INFORMATION SHOWN section start

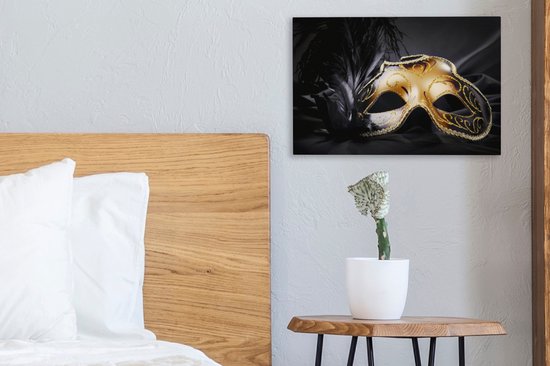 Canvas Schilderij Carnaval - Masker - Goud - 30x20 cm - Wanddecoratie
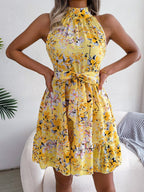 Printed Sleeveless Tie Mini Dress With A Full Skirt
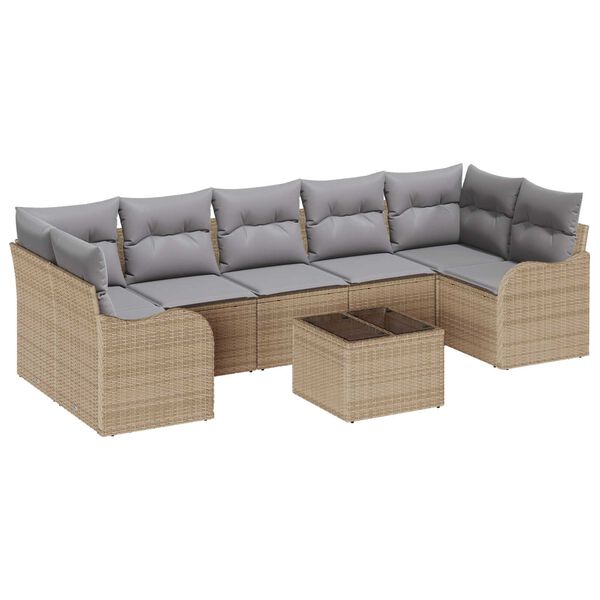 vidaXL Gartensofa-set mit Kissen mit Speicher 8 pcs Beige und Grau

INFORMATION SHOWN section end

== WORK TASK ==
With the line containing "Printed Sleeveless Tie" as the first line and the last line of the listing as the final one, reproduce that span exactly, without pictures.

== RESULT OF THE TASK ==
 Printed Sleeveless Tie Mini Dress With A Full Skirt
 vidaXL Gartensofa-set mit Kissen mit Speicher 8 pcs Beige und Grau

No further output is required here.